> [WORK REQUEST]: An exact copy of all the data is needed, with every picture left out.

> [DATA FOR REVIEW]:

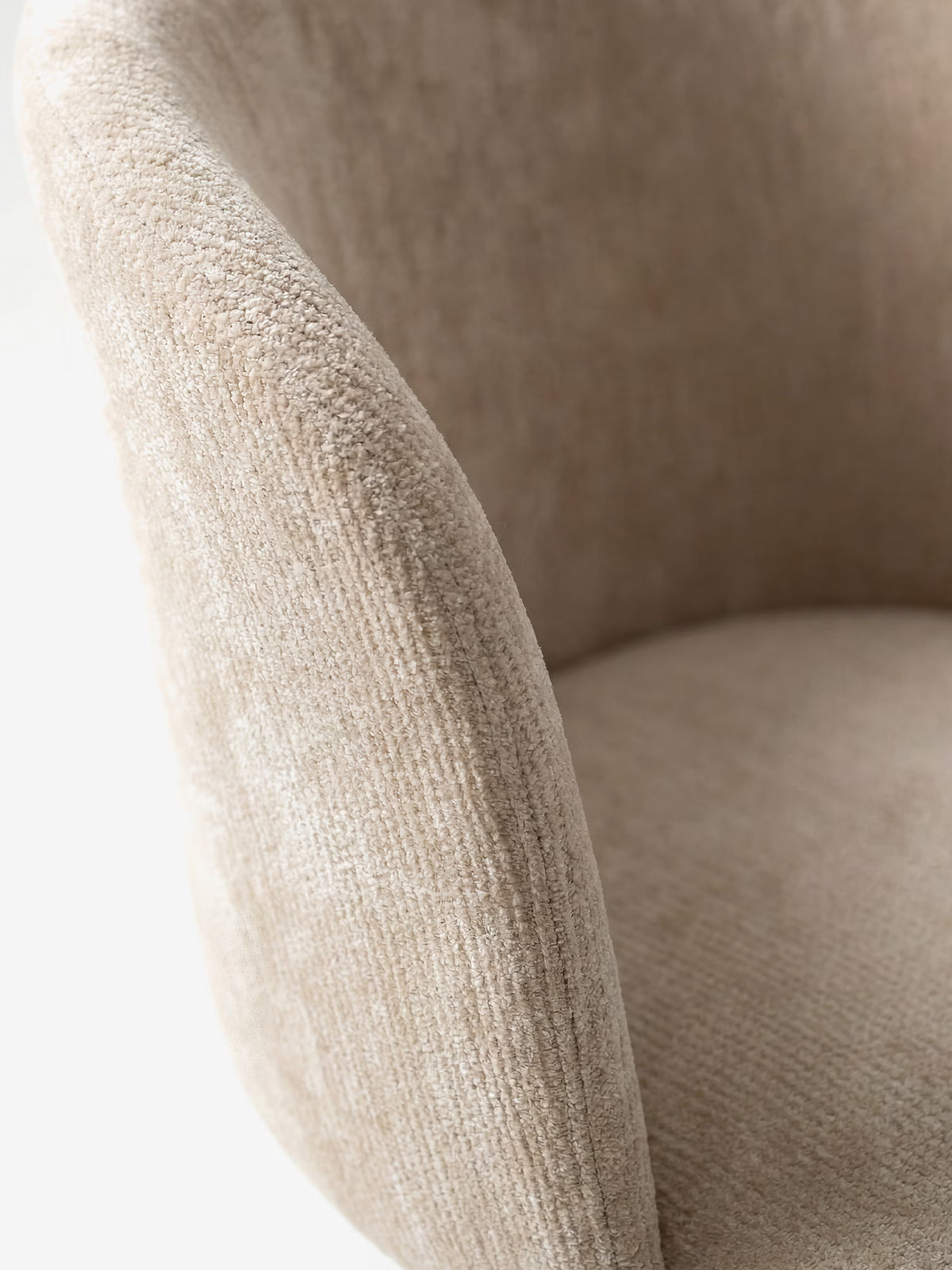 Talia Upholstered chenille chair in cream beige with upholstered base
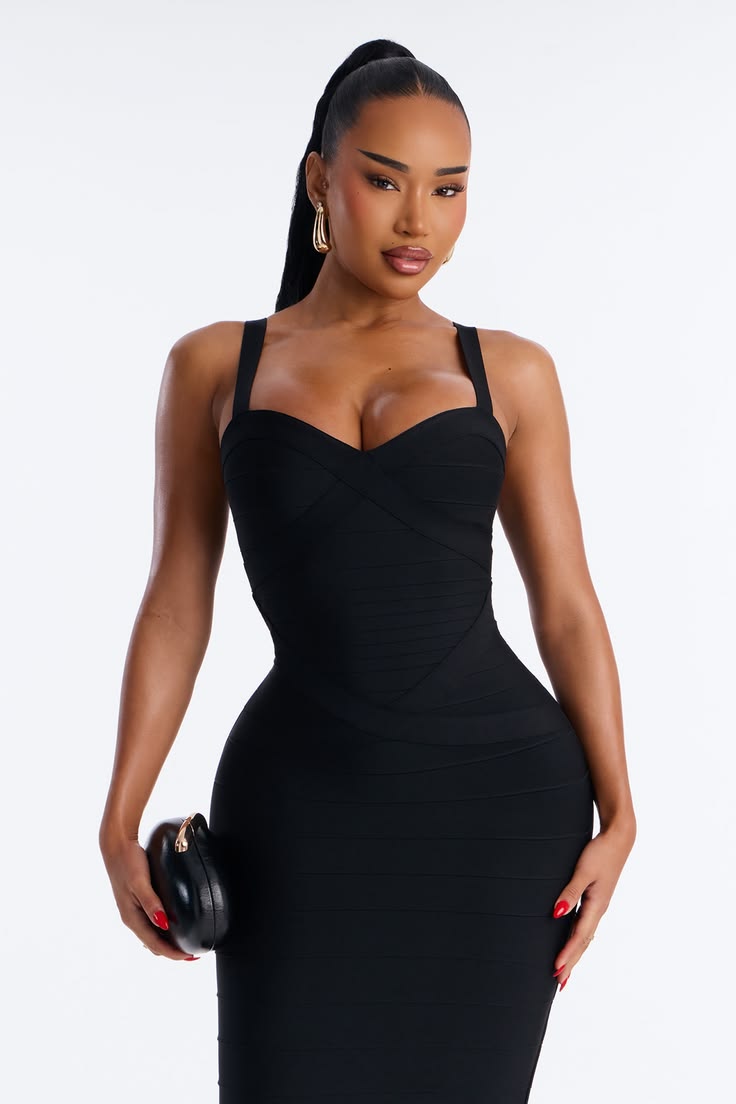 Women's Eden Bandage Midi Dress In Black Size 3X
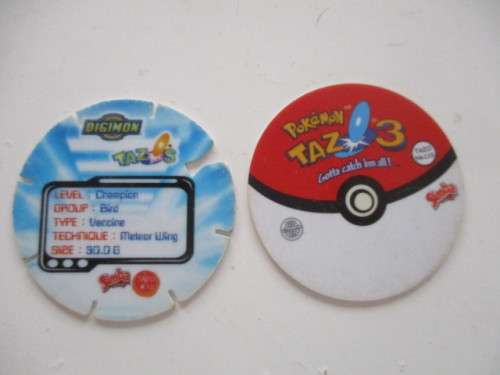 POKEMON AND DIGIMON SIMBA TAZOS  -  6 PIECES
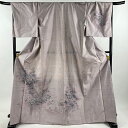 付下げ 身丈170.5cm 裄丈69.5cm L 袷 大島紬地 都喜ヱ門 証紙あり 牡丹 シルエット 紫 正絹 逸品 【中古】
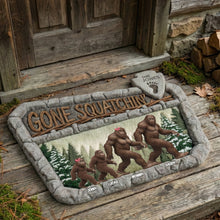 Load image into Gallery viewer, Gone Squatchin' - Personalized Bigfoot Family Shaped Doormat for Wildlife Lovers Doormat PopCulturePrints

> [EXPECTED ANSWER]:
 Talia Upholstered chenille chair in cream beige with upholstered base
 Women's Eden Bandage Midi Dress In Black Size 3X
 POKEMON AND DIGIMON SIMBA TAZOS  -  6 PIECES
 付下げ 身丈170.5cm 裄丈69.5cm L 袷 大島紬地 都喜ヱ門 証紙あり 牡丹 シルエット 紫 正絹 逸品 【中古】
 Load image into Gallery viewer, Gone Squatchin' - Personalized Bigfoot Family Shaped Doormat for Wildlife Lovers Doormat PopCulturePrints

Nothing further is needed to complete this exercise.